# Painters



## J&Smccomas (Oct 2, 2012)

Paradox said:


> If your dad is a successful, well-known commercial painter in town, I think you've found the perfect candidate for a free and emotionally involved mentor. He understands your market and your own personal strengths and weaknesses than anyone on this site ever will. I get the feeling he'll give you realistic advice.


Never had worked with him, parents divorced . Just big name in the city. With my last name I have net set up , just need to gain the experince


----------



## Jaws (Dec 20, 2010)

Im telling you, your putting to much weight on the name.


----------



## J&Smccomas (Oct 2, 2012)

Jaws said:


> Im telling you, your putting to much weight on the name.
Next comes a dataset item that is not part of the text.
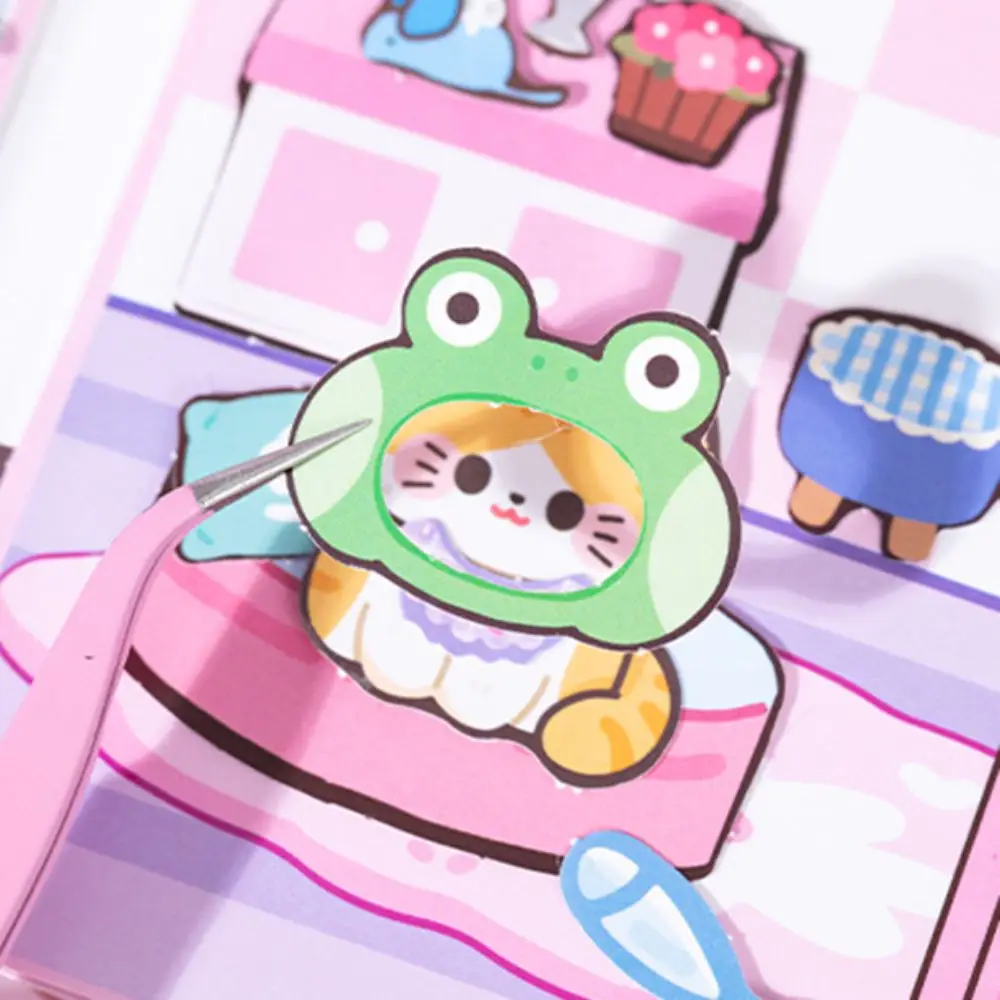 Gra edukacyjna Montessori Magnetyczna Książeczka Cicha Książka Papierowa Książka z Naklejkami z Kotem z Kreskówki Książka 3D do Rękodzieła DIY Książeczka Zabawka dla Dzieci Maluchów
No gain john, honest the truth . Not the one to brag because I grew up doing everything on my own with out my dad and I plan on doing that with my work. Never called him asking for anything in my life. I'm straight independent and plan to keep it like that. Earn every way like everyone on here. I do think my name well help
Me in the future but like you said your last name is just as good as your quality. So I want to Carry that all the way with me. Trust me when I do work I'll start thinking about want you told me. I appreciate that so much. You don't know how much you already influence me. If anything if I
Do Good in the future I have to thank you and everyone on here.


----------



## J&Smccomas (Oct 2, 2012)

Damn iphone messing up my grammar


----------



## Metro M & L (Jun 3, 2009)

Painting can be a detail game. If you like obsessively looking for pinholes, checking sheen, sanding, cleaning, touching up, making sure every square foot of a 10 square foot building is right then painting is the path for you. If you don't have the patience to fix your typing you may not enjoy fixing your painting.


----------



## hdavis (Feb 14, 2012)

Metro M & L said:


> Painting can be a detail game. If you like obsessively looking for pinholes, checking sheen, sanding, cleaning, touching up, making sure every square foot of a 10 square foot building is right then painting is the path for you. If you don't have the patience to fix your typing you may not enjoy fixing your painting.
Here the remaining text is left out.